Tiny ears can hear the tinny sound from
miles away, like a whistle only a dog can hear. I know this because my children usually
clamor for money long before the mangled music emanating from the ice
cream truck even reaches my radar.
It's always the same:
There's usually a panicked rush to find
pocketbooks and piggybanks, followed by a temporary terror that the
truck has turned toward another neighborhood. The music always sounds
squashed, like it's coming from a warped record or a dented
loudspeaker. It could be coming from or going toward anywhere.
Ominous … like the Pied Piper.
“It's creepy,” my husband says as a
drab, gray truck -- colored only by photographs of artificially
flavored confections – practically screeches to a stop as it nears
our house.
The man behind the wheel knows where
all the weak links are in his territory chain.
Our house might be the weakest.
The kids have hauled pockets-full of
nickels and dimes to the curb, depositing it on the window of the van
and then stepping back to see the menu and make their choices.
They bounce back and forth in a
familiar dance of indecision, made even more long and drawn out of a
performance by the fact that Rocket Pops are out of stock.
Ittybit, innocently enough, will settle
on the most expensive treat the man in the paper hat has to offer.
The Champ, ironically, will want the head of a superhero on a stick.
As the driver sweeps their money into a chocolate smeared apron and
settles back behind the wheel, they will declare this the best ice
cream they've ever tasted.
“Blasphemy,” my husband huffs in
disgust. He can barely believe he has sired children who would rather
eat frozen milk and artificial colors from a battered truck than make
the pilgrimage to the mecca of locally sourced homemade ice cream
just a few miles up the road.
There's no sense reasoning with him.
He claims he doesn't understand the
draw of bad food.
He's not the type of man who despises
McDonald's just on principal; he'd rather have a root canal than eat
a McRib sandwich. “Special Sauce my eye teeth … it's just
sugared-up Thousand Island dressing,” he grumbles.
That horror show of an ice cream truck
is almost worse than the freak show that is road food,” he says
from the comfortable cocoon of his front-porch hammock.
The kids mostly ignore his self
professed high-brow tastes until rivers of neon blue, green and red
start to trickle down their arms onto their sneakers.
It's hot and their truck treats are
outrunning their tongues.
While I will protect this artificially
flavored and unnaturally colored rite of summer passage, I won't put
my white capris in harm's way. The only thing worse than an uneven
cone is a rainbow colored stain on stark white clothes.
Out of desperation, they offer him a
lick.
He turns up his nose at first, grousing
that he'd rather eat a sponge that had been backed over by the
garbage truck than taste even a single lick of a trademarked spongey
character (who ordinarily lives in a pineapple under the sea, but in
ice cream form has gumball eyes). Then, with a great, thespian
gesture, holds out his hands to accept the horrific chore.
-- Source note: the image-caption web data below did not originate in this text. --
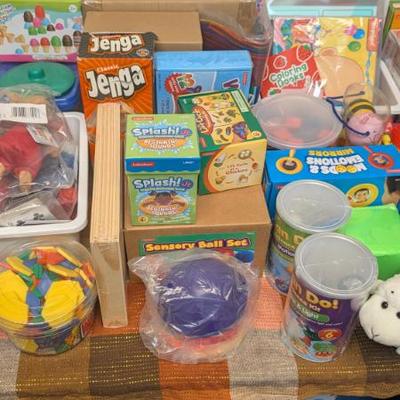 Sale Photo Thumbnail #189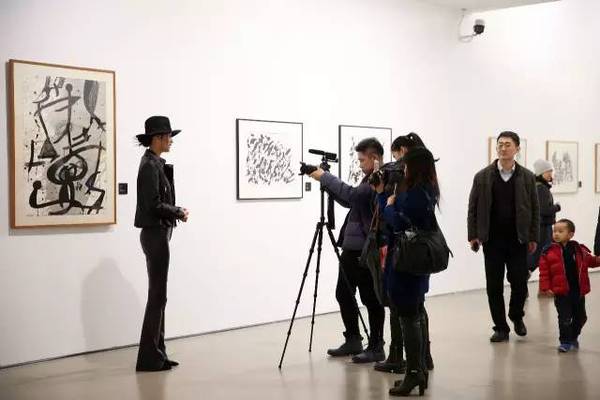 505619ee07f37ee4f7f5dbcf38d6ff47 505619ee07f37ee4f7f5dbcf38d6ff47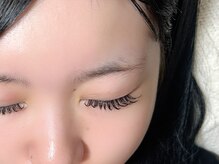 リーベスト 南森町店(REBEST)/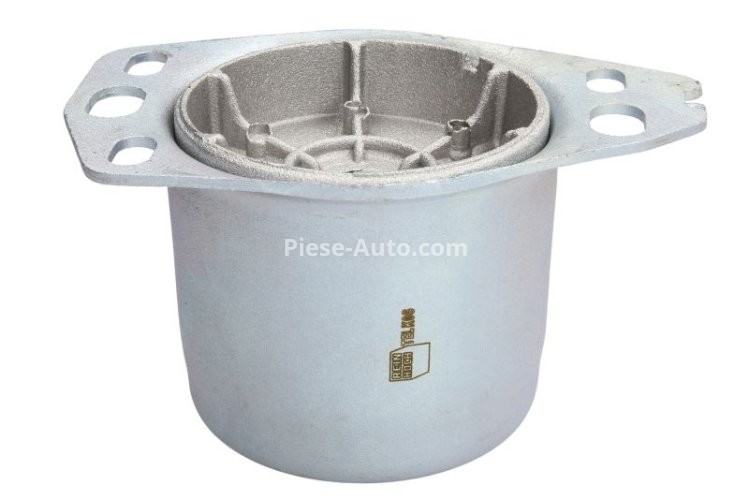 Suport motor REINHOCH față stânga pentru: ALFA ROMEO 145, 146, 147, 155, 156, 159, 166, GT, GTV, SPIDER; FIAT BRAVA, BRAVO I, COUPE, MAREA; LANCIA DEDRA, DELTA II 1.4-2.0D 01.92-11.11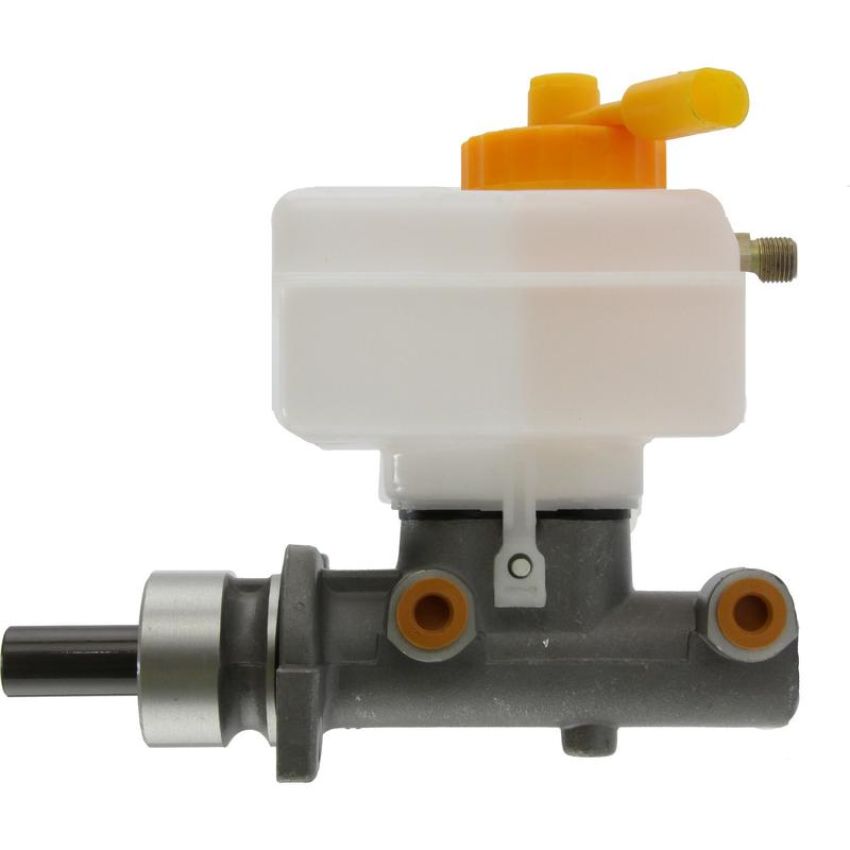 CENTRIC PARTS 130.33417 Centric Premium Brake Master Cylinder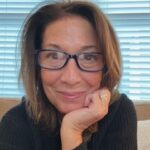 Schoonmaker Eileen at 240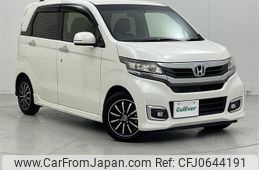 honda n-wgn 2017 -HONDA--N WGN DBA-JH1--JH1-2205394---HONDA--N WGN DBA-JH1--JH1-2205394-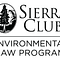 Go to the profile of Sierra Club Legal Team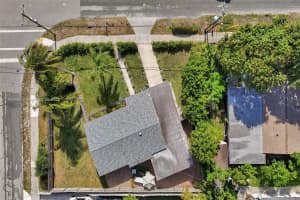 1222 14th Ct S Lake Worth, FL 33460 - MLS#A11806690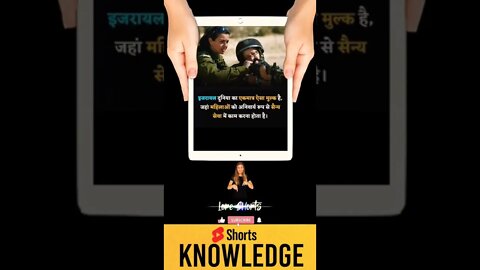 Motivational Quotes Intresting Facts & research #shorts #ytshorts #knowledge #motivation #yogi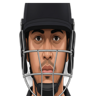 Mayank Rawat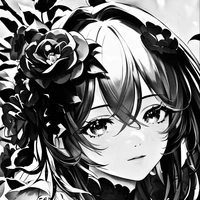 Hashiraka Linna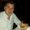Photo of Rui D.
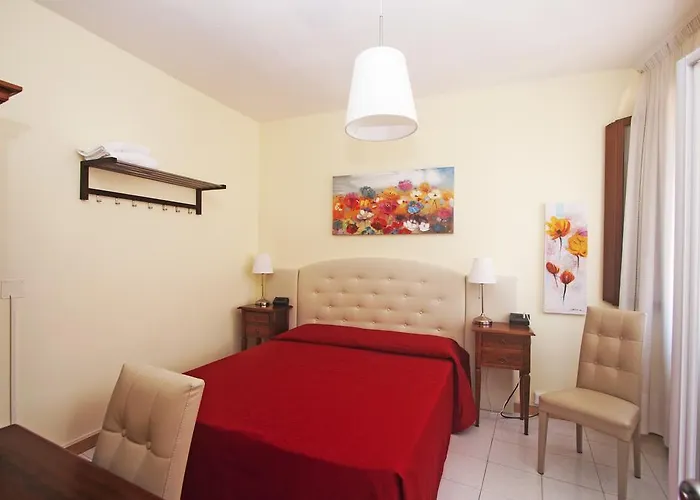 Dalla Mora * Venedig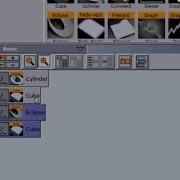 Vizrt Artist Grouping Containers Tutorialvizrt Tutorials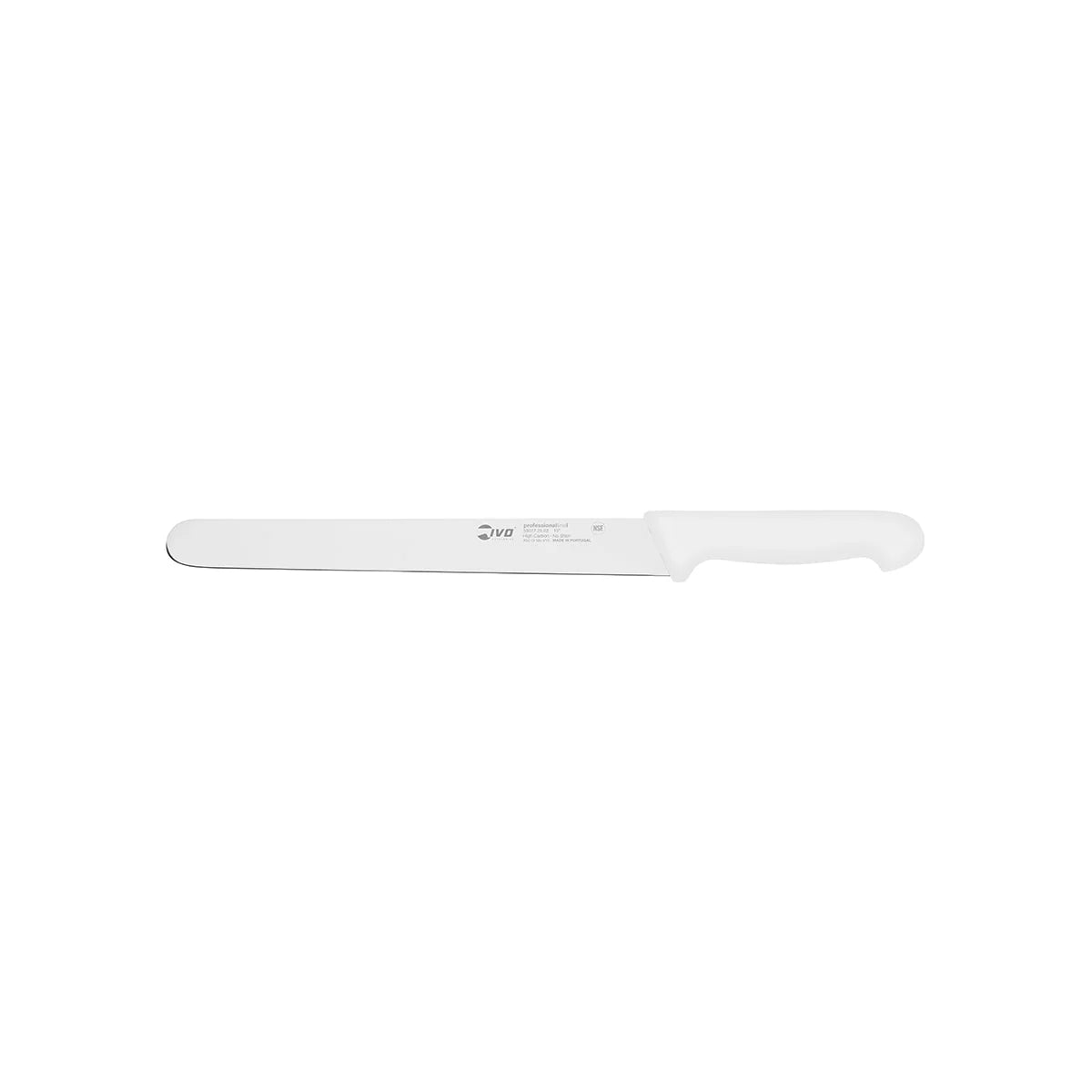 Pastry Knife -250mm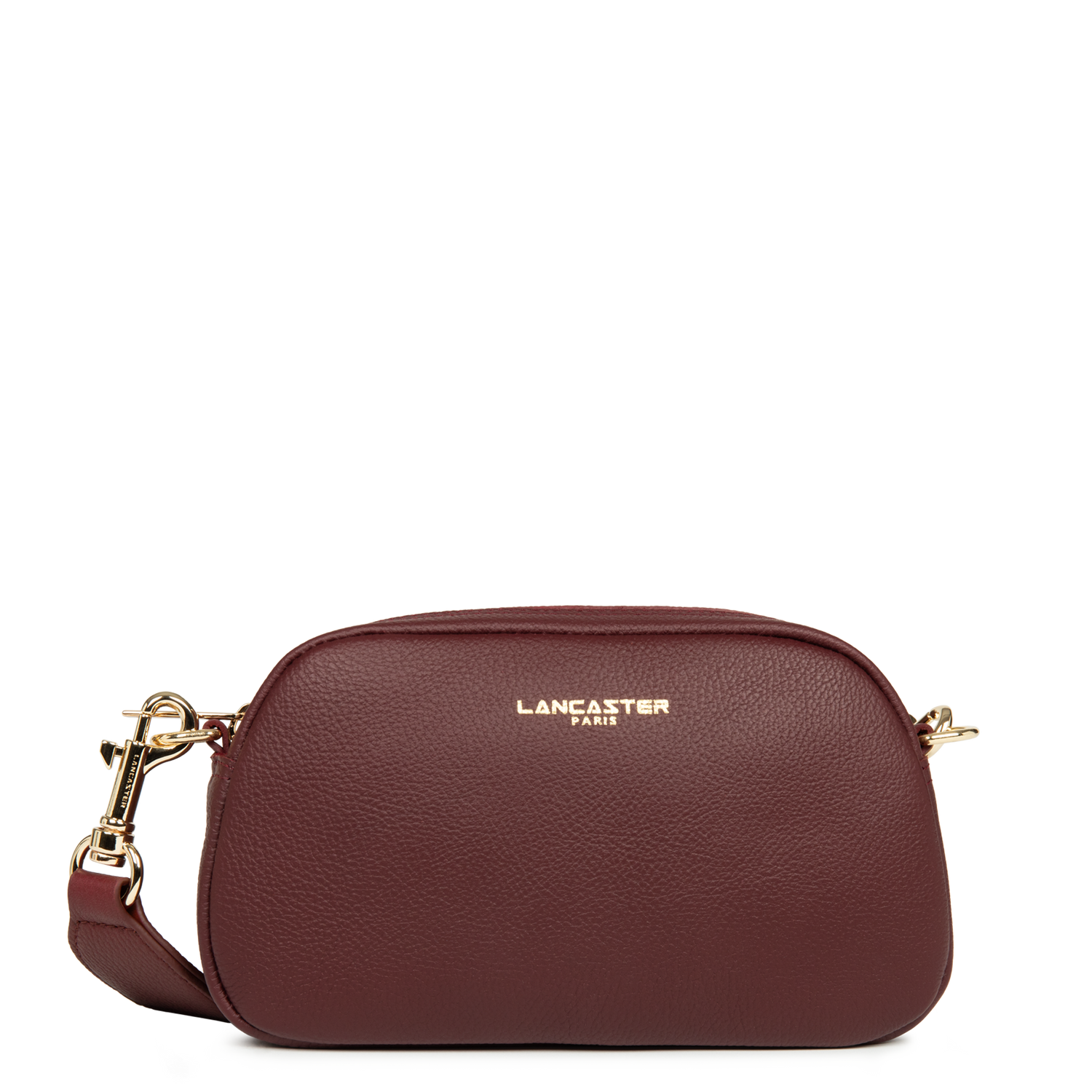 petit sac trotteur - studio mimi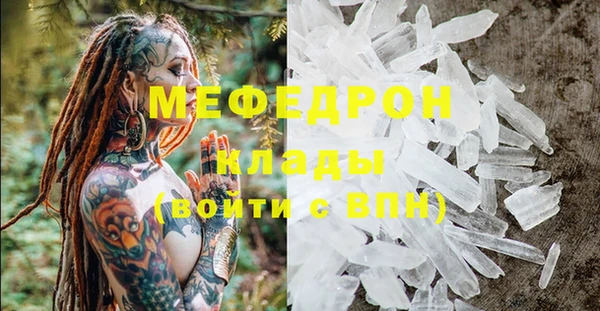 прущие грибы Краснослободск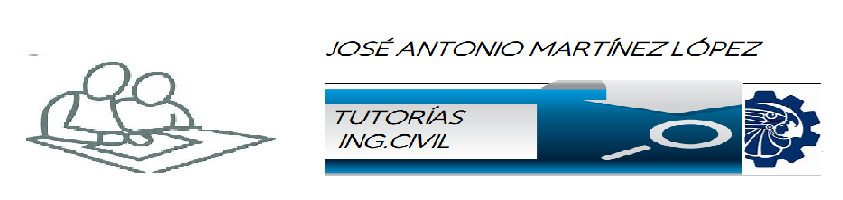 Tutorías II Enero junio del 2025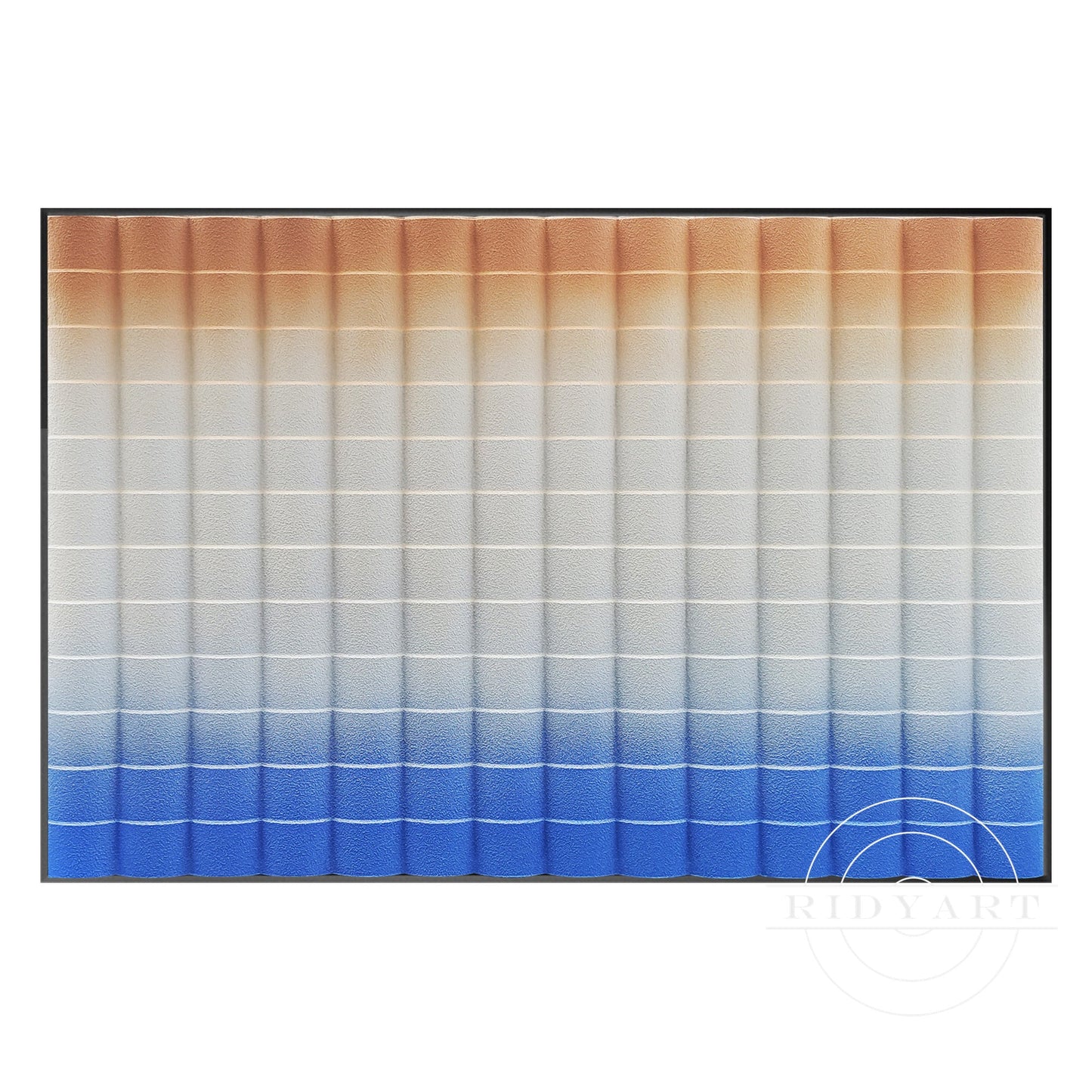 wood wall art_003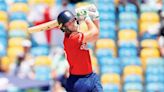 T20 World Cup 2024 | ’’It’s on me to look after my own game’’: Buttler post USA’s match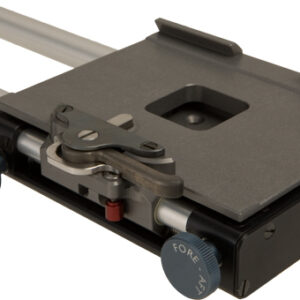 Topstage by Betz-Tools -0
To watch him you'd think he was eating
poison. He sputters and gurgles and bobbles his tongue.
They watch each lick with squinty eyes.
“Ok … okay,” The Champ tells his
father forcefully. “That's enough. I can take it from here.”
They know their father. They know he
doth protest too much.
“Listen,” I tell him as he
reluctantly relinquishes the treats. “I think I hear the demonic
music of the ice cream truck headed this way … . I'll buy you a
frozen sponge pop with gumball eyes. I'm sure the ice cream man will
be happy to back over it with his truck if you insist.”